Ce qui n'a pas rencontré ma sympathie, en revanche, c'est que l'on exige de moi, non pas que je regarde, ou que je contemple, mais je lise. C'est une tendance croissante dans les musées, et je la déplore. J'aime lire, j'aime découvrir une parole qui me force à mettre pied à terre. Mais je ne vais pas au musée pour lire. C'est presque le contraire: j'y vais pour ne pas lire, et pour offrir à mes yeux l'occasion d'exercer leur fonction première sur des objets qui, grâce à eux, provoqueront chez moi des émotions, et non pas des réflexions. La photographie est l'une de mes passions. J'en collectionne, de jeunes photographes surtout, dont les œuvres m'enchantent. Les développements technologiques et sociaux ont permis à ce média d'évoluer vers des domaines d'une richesse esthétique et de contenu encore impensable il y a quinze ans. Depuis des décennies, je tente de rester fidèle au Musée de l'Elysée, dont certaines expositions m'ont marqué à jamais. 

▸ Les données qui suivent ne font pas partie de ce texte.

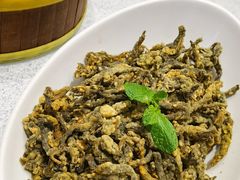 -解家河南菜(商鼎路店)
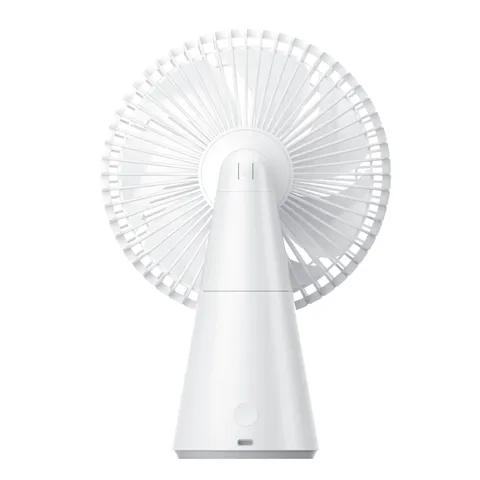 bhr6089gl-3.png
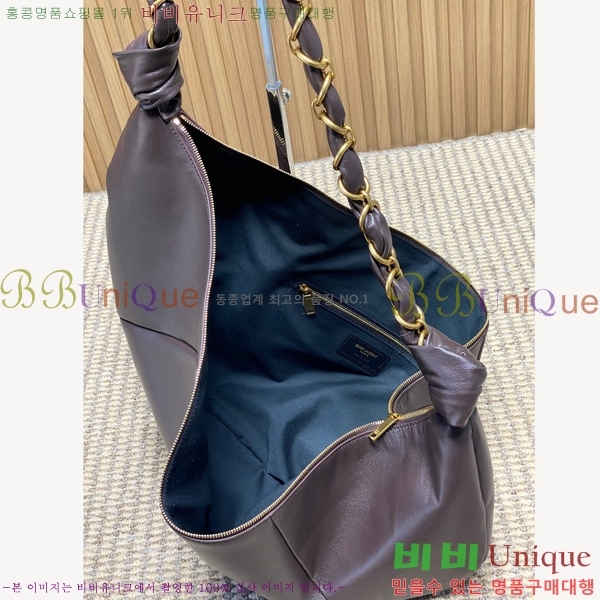 #���ζ� �Ƹ����� ȣ���� 862210-203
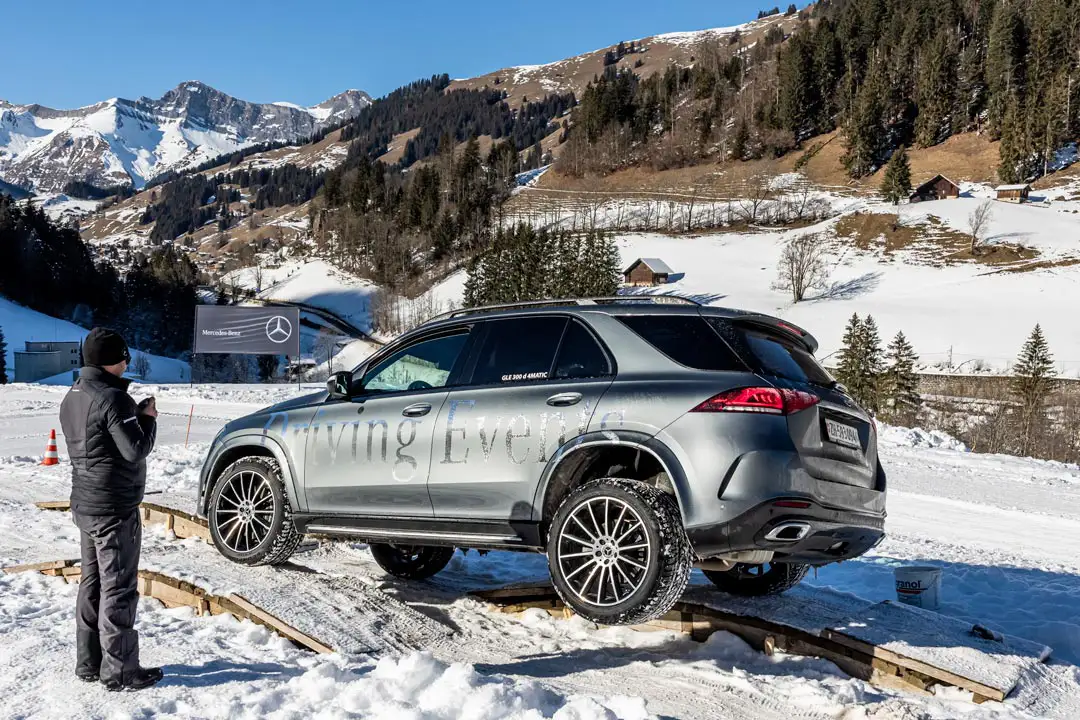 Mercedes_winter_experience_2022_Groupe_Chevalley_31_1443403100.webp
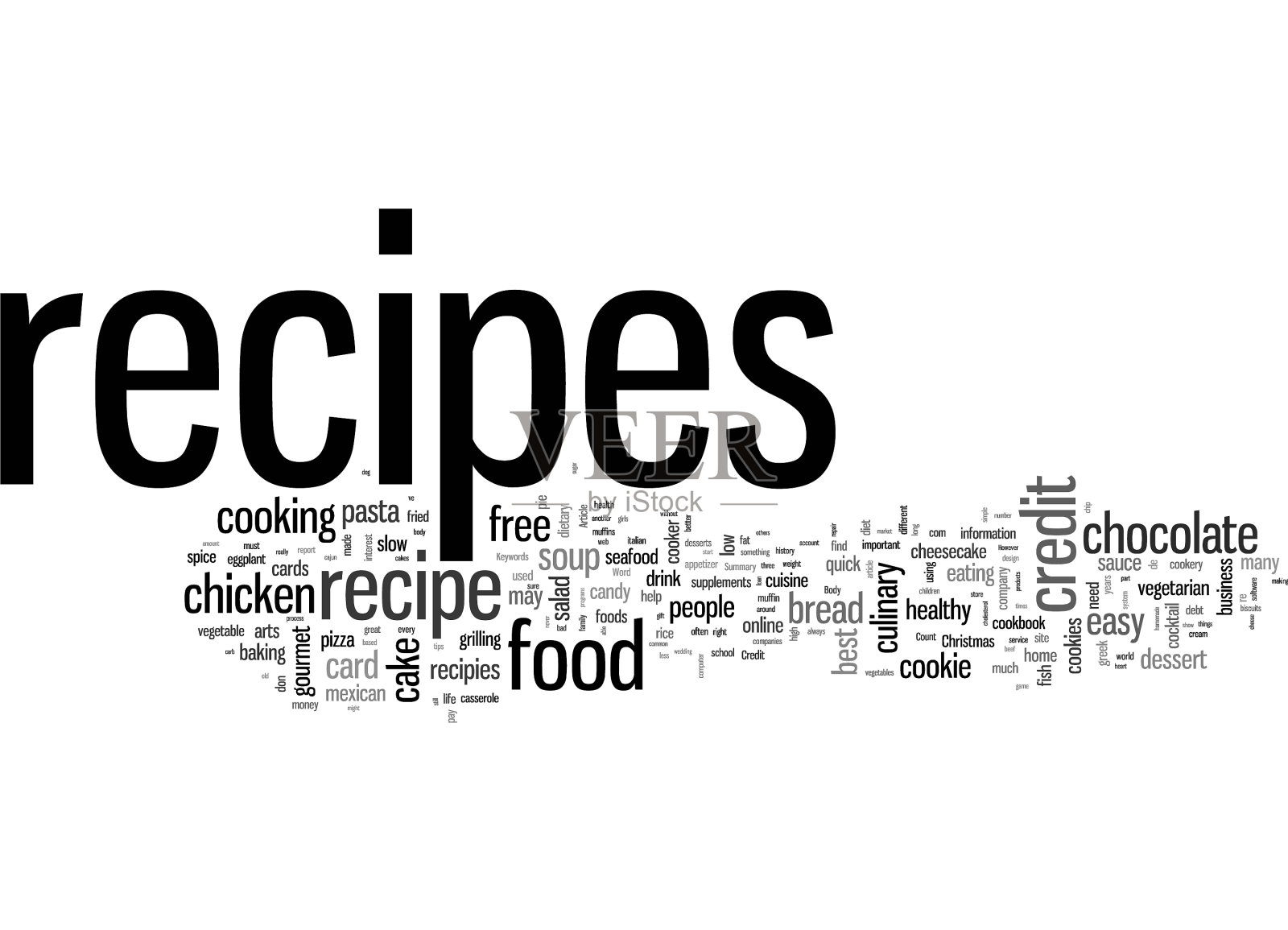 美国人需要多少钱插画图片素材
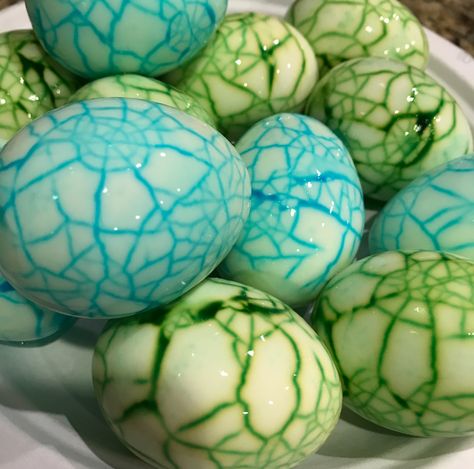 Space Dinosaur Birthday, Dinosaur Birthday Party Food, Jurassic Park Birthday Party, Dinosaur Birthday Theme, Dinosaur Birthday Party Decorations, Dino Eggs, Dinosaur Birthday Cakes, Dinosaur Themed Birthday Party, Dino Birthday Party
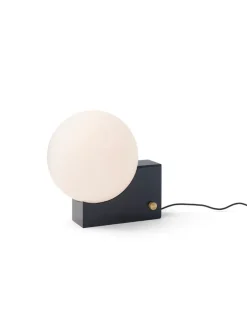 &Tradition Journey lampe fra><noscript><img width=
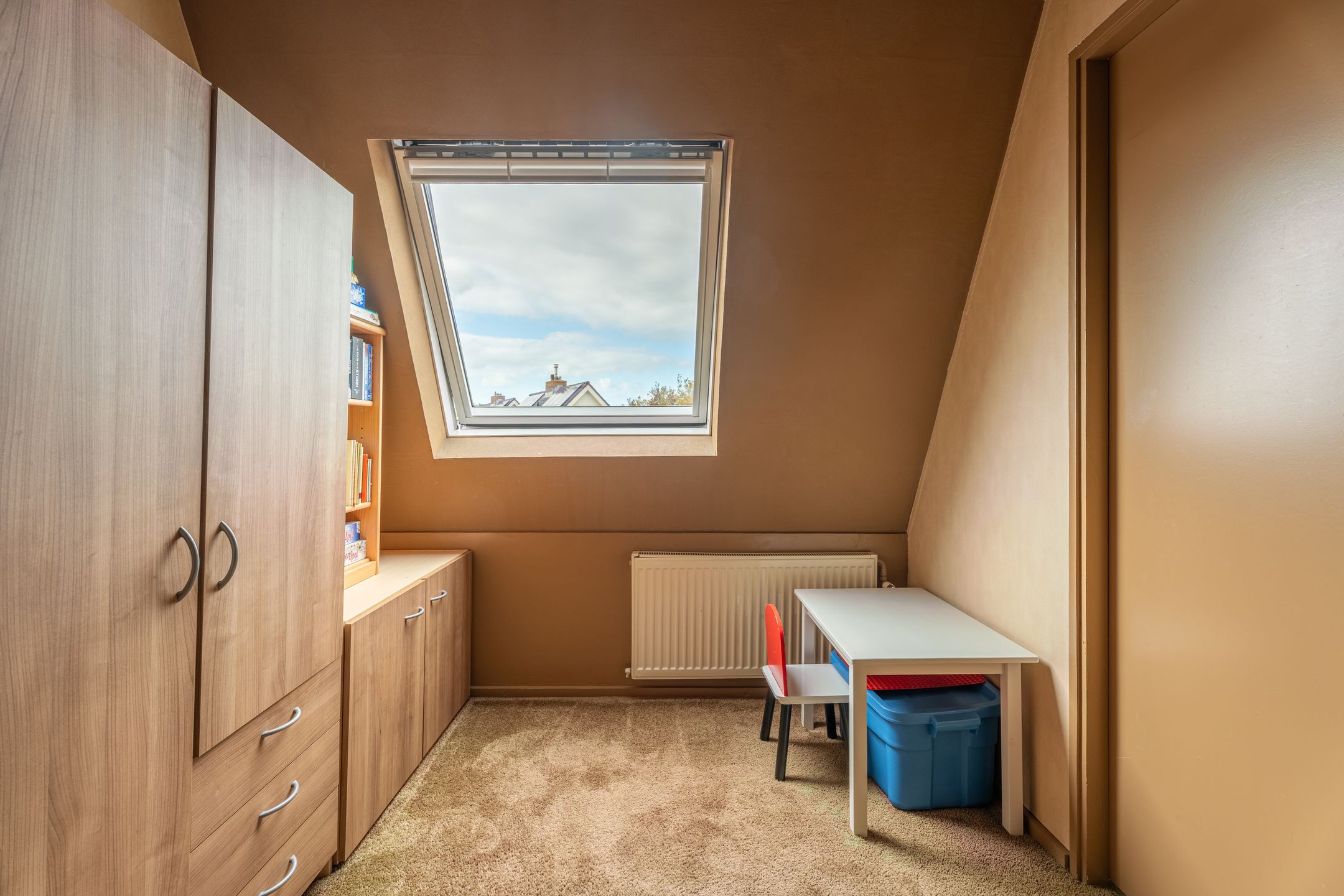 Foto 21 van van Galenstraat 5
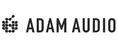 Adam Audio
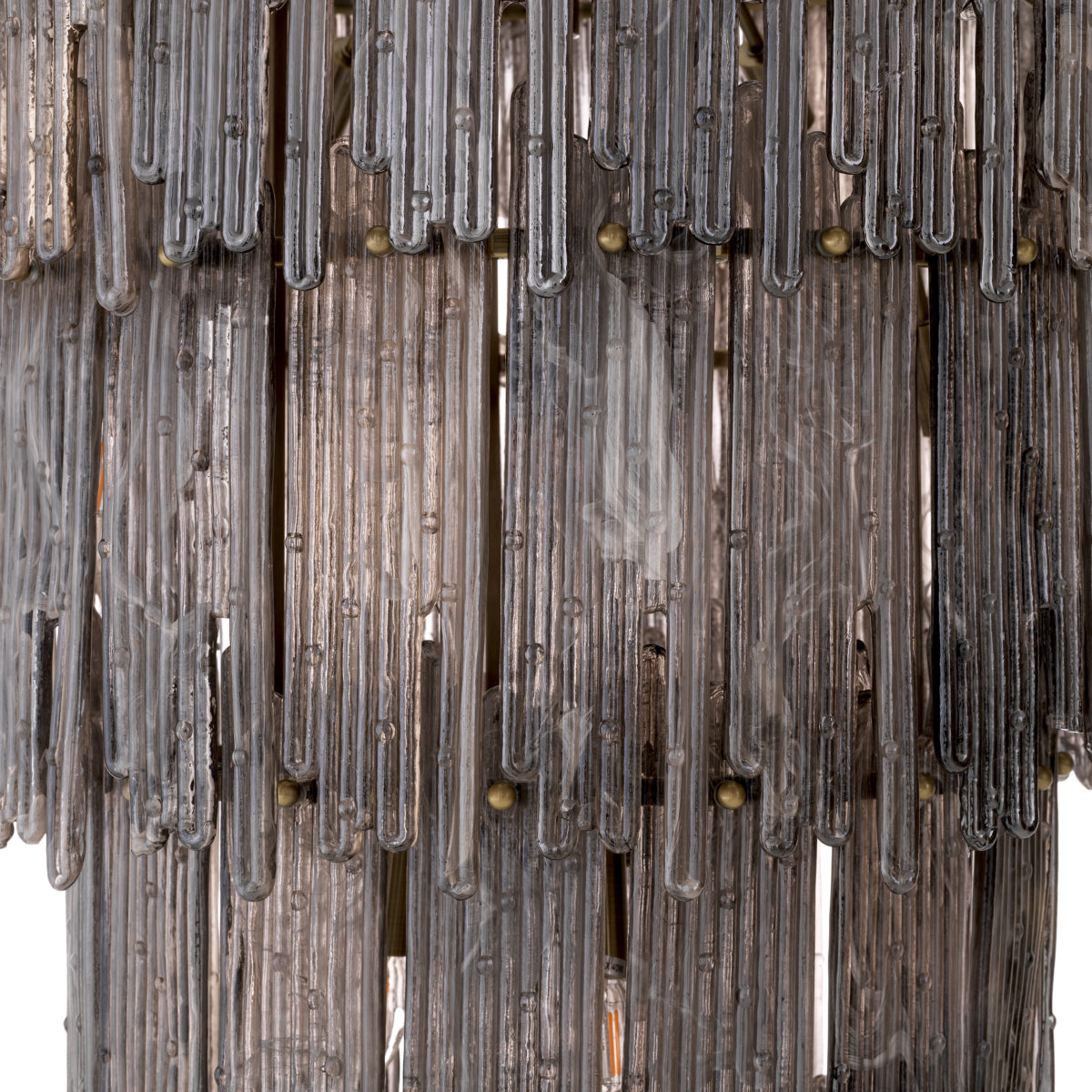 Kroonluchter Saint Roch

C'est pourquoi je peine à trouver les mots pour évoquer ma déception en découvrant des expositions qui ne font honneur, ni au pedigree de cette institution, ni aux possibilités qu'offrent désormais les jeunes photographes, dont on peut découvrir les œuvres plus aisément sur Instagram qu'à l'Elysée. Laia Abril peut sourire. Son succès est prouvé, elle n'a nullement besoin de se justifier. Mais son exposition à Lausanne fait plusieurs victimes collatérales.

La première victime est la direction du musée, qui n'a pas fait un travail de sélection mais a tenu un concours de popularité. La seconde est plus regrettable. Car en étant contraint de devoir lire des volumes entiers sans avoir le répit de quelques images originales, le découragement et la frustration vous saisissent, tandis que c'est la compassion et la curiosité qui étaient attendues. Ça n'est pas un musée, c'est un laboratoire de recherche en sciences sociales.

Alors je suis sorti, et j'ai salué les deux gardiens, qui étaient deux fois plus nombreux que le visiteur. Et je suis monté de deux étages pour retrouver la magie du Mudac, qui consacre une exposition au design libanais. Une exposition qui a le double avantage de présenter des objets d'une grande beauté, et de proposer une récit informatif et enthousiasmant sur un pays dont on n'évoque que ce qui afflige. Le Mudac, il est vrai, reste un musée.

VOS RÉACTIONS SUR LE SUJET

2 Commentaires

@GFTH68 21.07.2023 | 15h35

«Lire debout, c'est fatiguant!»


@TIFF 28.07.2023 | 23h06

«Excellent article de David Laufer. Je crois que tout est dit, et bien dit.»